═════ Extracted material

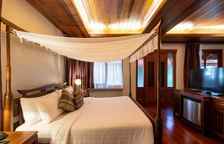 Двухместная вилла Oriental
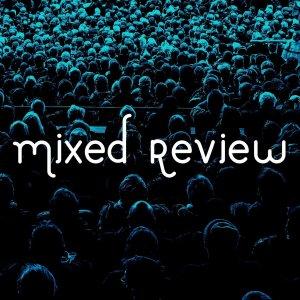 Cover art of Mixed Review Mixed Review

══════════
═════ Extracted material

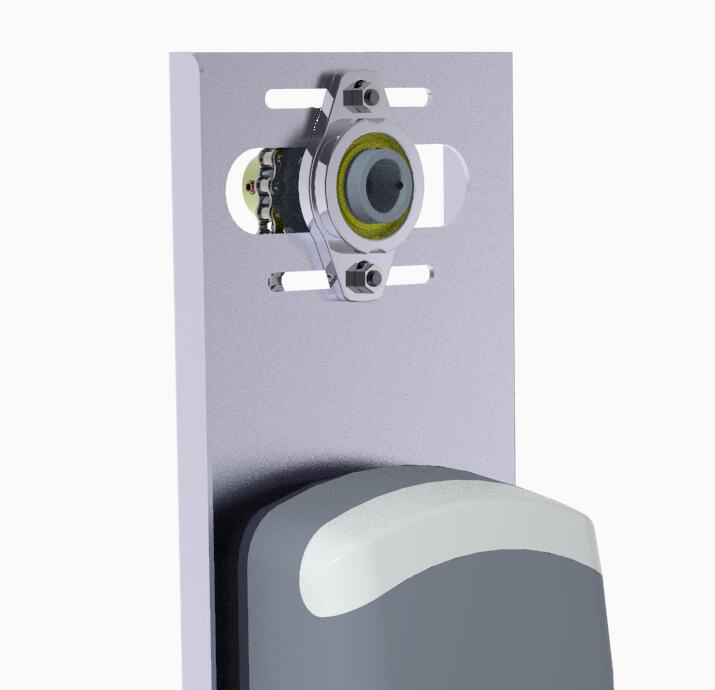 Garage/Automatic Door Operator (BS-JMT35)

══════════

• [What the task requires]: Copy word for word the lines above, starting at the line containing "Двухместная вилла Oriental" and ending at the line containing "Cover art of Mixed Review Mixed Review", inclusive, with no pictures.

• [Output for this task]:
 Двухместная вилла Oriental
 Cover art of Mixed Review Mixed Review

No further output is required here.